Rather confusingly for those used to other types of regulation, regulatory obligations are called 'remedies' in the telecoms world. As set out in the March 2019 consultation on remedies, Ofcom is proposing in the WFTMR different levels of regulation of the downstream markets for different geographic areas, depending on the relative coverage of BT Openreach and rival fibre networks. 

Physical infrastructure

Ofcom proposes to impose the following obligations on BT Openreach, which continue the current regulatory requirements:

  • Requirement to provide wholesale access to its duct and pole infrastructure
  • Requirement to publish a Statement of Requirements (SoR) process, setting out how BT Openreach will deal with requests for new forms of network access
  • Transparency obligations: a requirement to publish a Reference Offer (RO), to notify changes to charges, terms and conditions, and to notify technical information
  • A cost based charge control to allow BT Openreach to recover its costs but preventing excessive pricing
  • No undue discrimination: BT Openreach must treat rival network operators the same as its own businesses, unless it can justify otherwise
  • Voluntary KPIs
WLA and leased lines specific remedies

The WLA and leased line markets, although separate products, overlap in practice. As part of Ofcom's promised 'holistic regulation', it has looked at the WLA and leased line geographic markets together and imposed the following remedies on BT Openreach, which are broadly in line with those imposed previously:

In Area 2, Ofcom propose that:

  • BT Openreach must provide network access (but need not do so for new copper services: this is to encourage the switch from copper to full fibre. See Copper Switch Off below)
  • The wholesale price BT Openreach charges retail providers for its entry-level (40 Mbit/s) superfast broadband service is capped to inflation, although it would be able to charge slightly more if this is delivered over full fibre, to reflect the additional customer benefits, such as speed and reliability, that fibre offers over copper.
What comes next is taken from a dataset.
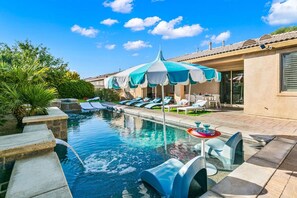 A swimming pool with lounge chairs and umbrellas, a small waterfall feature, and a patio area with outdoor seating. - 3 miles to festivals, fun home, gameroom, deals! (Indio)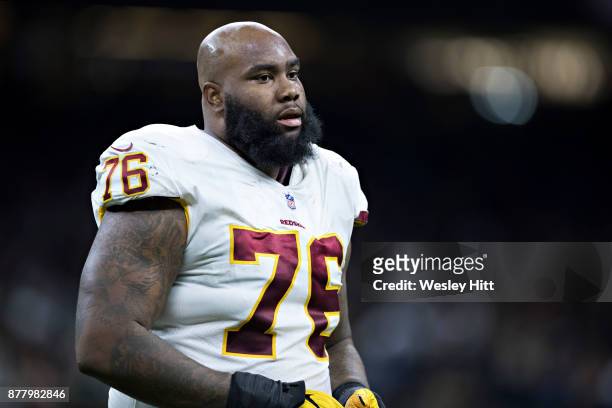 Morgan Moses of the Washington Redskins walks to the sidelines during a game against the New Orleans Saints at Mercedes-Benz Superdome on November...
Ofcom is not intending to regulate the prices of Openreach's higher-speed packages
  • BT Openreach cannot offer any geographic discounts
  • BT Openreach must give Ofcom 90 days' notice (as opposed to the current 28 days) of changes to its terms and conditions including prices, to give Ofcom time to assess whether these changes will undermine competition
  • There must be equivalence of inputs (EOI) obligations: this means that BT Openreach must supply exactly the same services to all telecoms providers (including its own downstream businesses) on the same timescales, terms and conditions (including price and service levels), by means of the same systems and processes and by providing the same information – in other words a complete prohibition of discrimination, with no discretion. However, where BT Openreach have been providing network access other than on an EOI basis, they will not have to change this, protecting investment that has already taken place: an approach consistent with that taken in previous market reviews
  • BT Openreach have obligations to maintain quality of service as at 31 March 2020 for most products
  • Transparency obligations apply: a requirement to publish a Reference Offer (RO), to notify changes to charges, terms and conditions, and to notify technical information

In Area 3, Ofcom propose:

  • BT Openreach must provide network access (but need not do so for new copper services)
  • A cost-based charge control on MPF and FTTC rental charges across all bandwidths, but pricing flexibility on BT Openreach's fibre services (FTTP and G.Fast)
  • A version of the "regulatory asset base" approach, allowing BT Openreach to recover the "efficient costs" of investing in fibre networks, whereby MPF and FTTC charges are marked up to allow the recovery of BT Openreach's fibre investment costs where it meets pre-specified investment targets
  • A  charge control on rental and connection charges for leased lines of all bandwidths, inflation-adjusted from 2021 levels
  • In the leased line access market, BT Openreach must provide access to its dark fibre, as Ofcom expects dark fibre access to become the primary leased line remedy over time, although for now BT Openreach must also continue to provide active leased line services
  • Obligations to maintain quality of service as at 31 March 2020 for most products.
  • Transparency obligations apply: a requirement to publish a Reference Offer (RO), to notify changes to charges, terms and conditions, and to notify technical information
  • EOI obligations apply
  • Prohibition on geographic discounts for MPF, FTTC 40/10 and FTTC only.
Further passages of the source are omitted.